Minister Mehmet Fatih Kacir posted pictures on social media platform X of Turkish President Tayyip Erdogan meeting BYD Chief Executive Wang Chuanfu at a deal-signing ceremony for the plant.

"We envisage that BYD will establish an electric and rechargeable hybrid car production facility with an annual capacity of 150,000 vehicles and an R&D center for mobility technologies in our country, with an investment of approximately 1 billion dollars," Kacir said.

"The facility, which is planned to start production at the end of 2026, will directly employ up to 5,000 people."

Last week, the European Union raised tariffs on Chinese EVs to help protect its industry. The deal could ease the access of investors, including BYD, which is the largest EV producer in the world, to European markets given Turkey's customs union with the EU, Kacir said.
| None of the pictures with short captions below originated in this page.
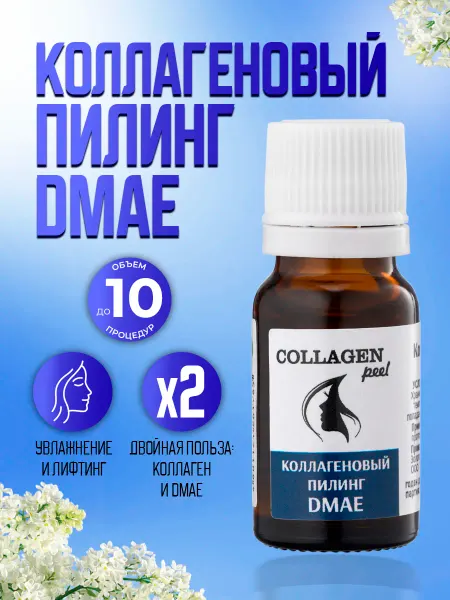 Тренд Косметикс Коллагеновый лактопилинг DMAE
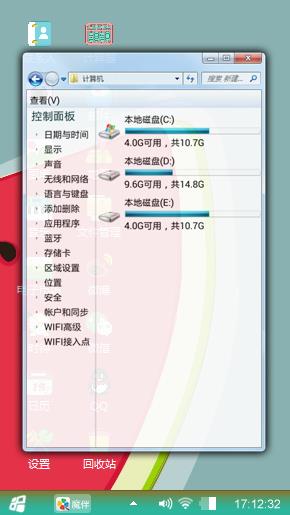 清爽西瓜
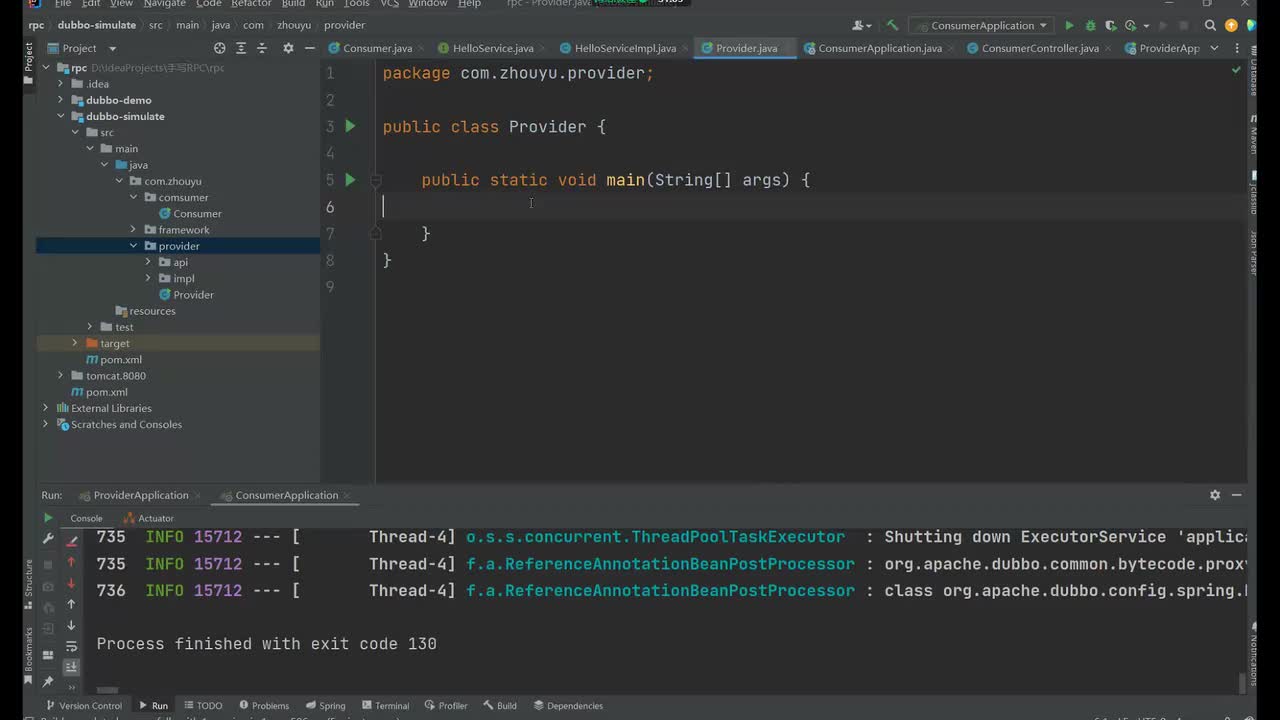 【dubbo】Dubbo架构的演进过程分析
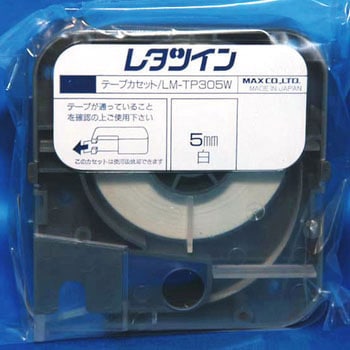 レタツイン テープカセット(白) マックス レタツインテープ 【通販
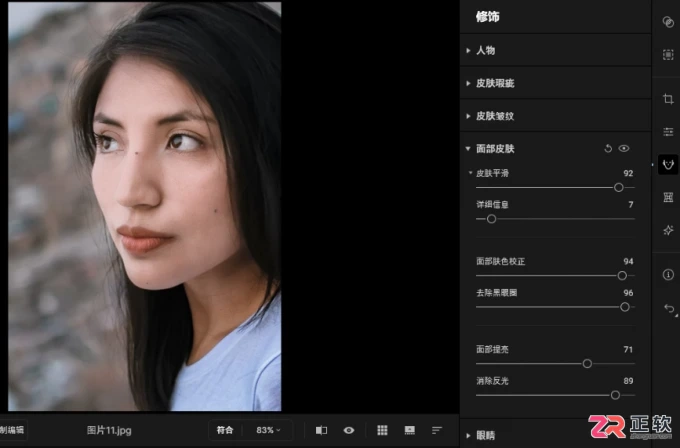 Aperty人像修图教程：快速修正肤色不均与提升皮肤质感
He said the deal was the outcome of talks held with Chinese officials since a visit to China in December 2023.

China's state-backed Securities Times earlier reported - without mentioning Turkey - that BYD agreed to build a factory for core parts of new energy vehicles that would backstop capacity of its factory in the southern city of Shenzhen.

Last week, a deputy chairman of Turkey's ruling AK Party told Reuters that Chinese carmaker Guangzhou Automobile Group was in talks with Turkish EV manufacturer TOGG over a possible joint production venture.

GAC's top management plans to visit TOGG in Turkey this month, the AK Party's Zafer Sirakaya said.